Our Writers’ Group homework last week was to write about a situation where people get stuck together eg in a broken down lift. This was what I wrote…
He was arriving just as I was leaving. We looked at each other. Sometimes you just know, don’t you? You can tell when there’s a mutual attraction between strangers and you half smile at each other.
Well, we smiled, and the power went off. We were caught in the middle – the doors behind me stopped closing with a four inch gap, and I had not reached the point of triggering the automatic doors in front. There was a squeal of exclamation from someone in the shopping centre and a general increase in chatter.
‘Oh great,’ the man said.
‘Yeah,’ I agreed. I went to the outside doors and gave them a push – already knowing there’d be no point. The man went to see if he could pull apart the inner doors. No point either. We both sighed loudly. We glanced at each other again, and smiled again. I glanced down at my shopping and thought furiously of what to say. Completely aware that I had been put in the most ideal position to meet one of the most gorgeous men I’d ever seen; and I’d gone shy.
I looked at the rain outside and wondered if I should comment on the weather. No, that would seem stupid. I could ask if he was on his way to buying something for his wife or girlfriend. No – too obvious, and so embarrassing if he said yes. I looked around the entrance porch we were stuck in for ideas for something to say. There was little else apart from a large green pot plant in the corner, a Macdonald’s advert on one wall and an ugly modern landscape print on the other. None of which inspired conversation.

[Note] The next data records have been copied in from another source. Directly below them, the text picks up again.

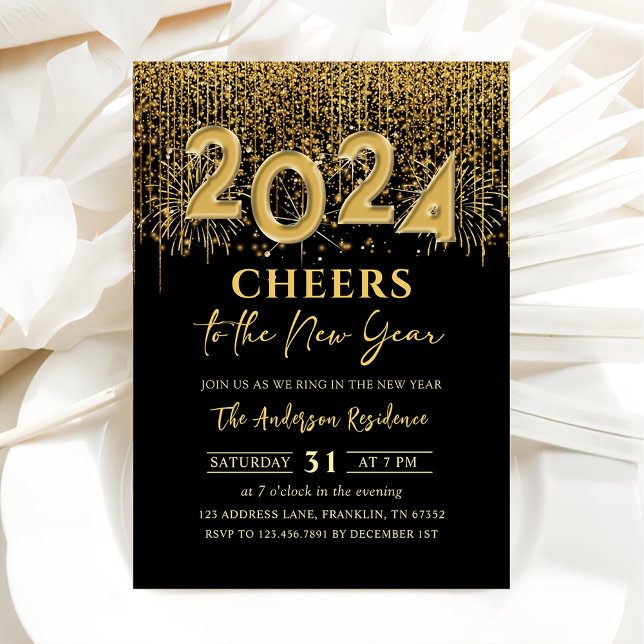 Convite Dourado Glitter Cheers Party 2024 (Criador carregado)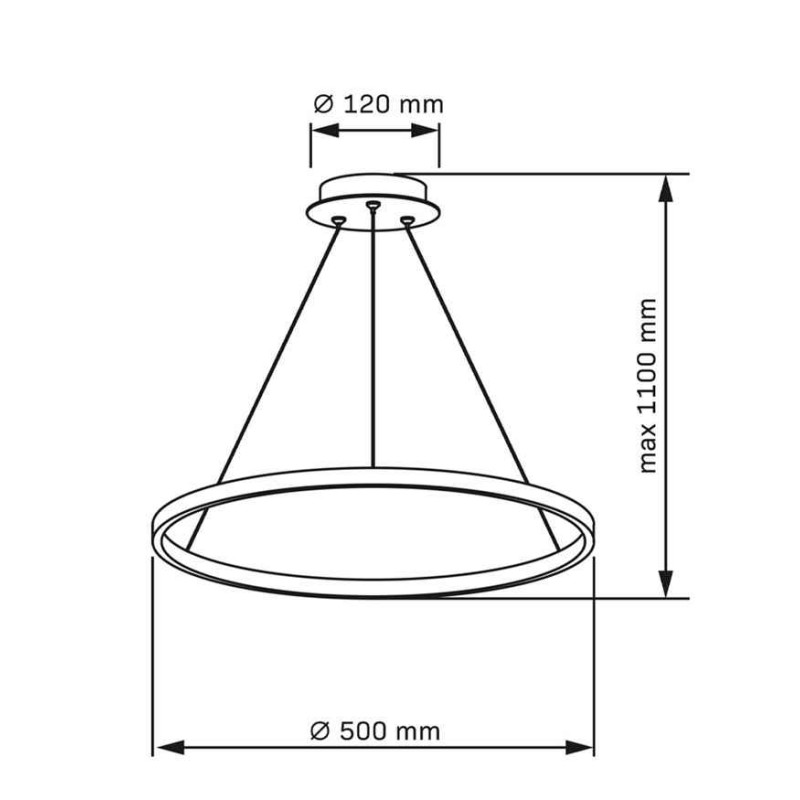 Підвісний світильник, люстра Goldlux 329158 Lea 1 Led 1x20W 4000K 2600Lm IP20 Чорний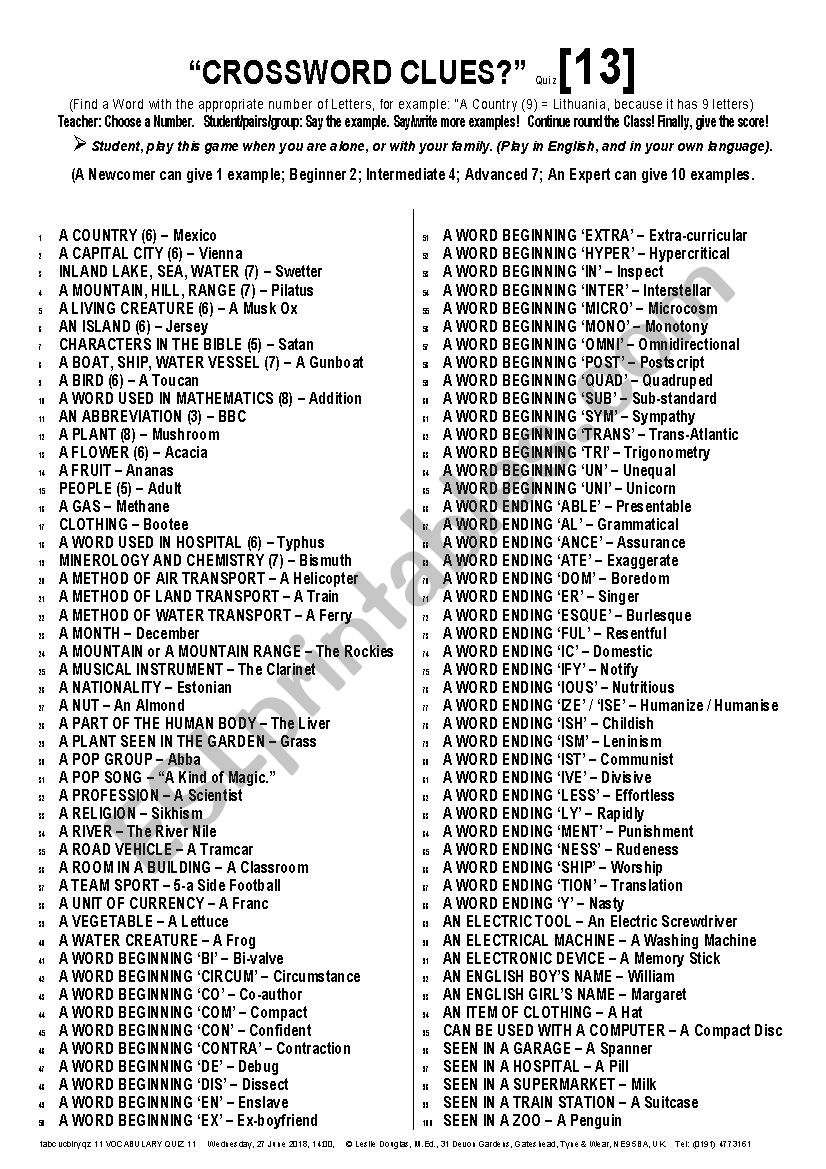 QUIZ GAME 013 Crossword worksheet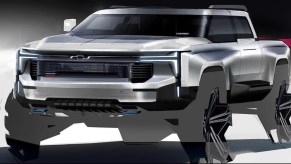 designer's sketch of upcoming Chevy Silverado EV pickup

‘Are you alright in there?’ A young security guard had his face just the other side of the four inch gap.
‘Fine, thanks,’ I said.
‘Yes, fine,’ said the gorgeous man.
How polite we are, I thought.
‘I’m sure we’ll have the problem fixed in no time,’ said the security guard, and he walked away.
‘Ok then,’ I sighed.
‘Yes,’ the man agreed.
I noticed he was beginning to fidget; fiddling with his cuffs and alternately turning each foot on their sides slightly. He had nice shoes. Could I tell him he had nice shoes? I looked up at his face and caught him watching me; so I quickly looked away again. It would be a good story to tell, I considered; at our wedding or telling the grandchildren sat by the fire at Christmas. ‘The passion; the electricity that passed between us when we first laid eyes on each other, was so great, we caused the power to surge and cut out. We knew then we were meant to be together forever.”
All of a sudden there was a click and a whirring noise. The lights came on in the shopping centre and both sets of doors opened. The man walked in, and I walked out. As we went in our opposing directions, I shook out my umbrella and glanced back at him. He was turning away, like he’d just been looking back at me.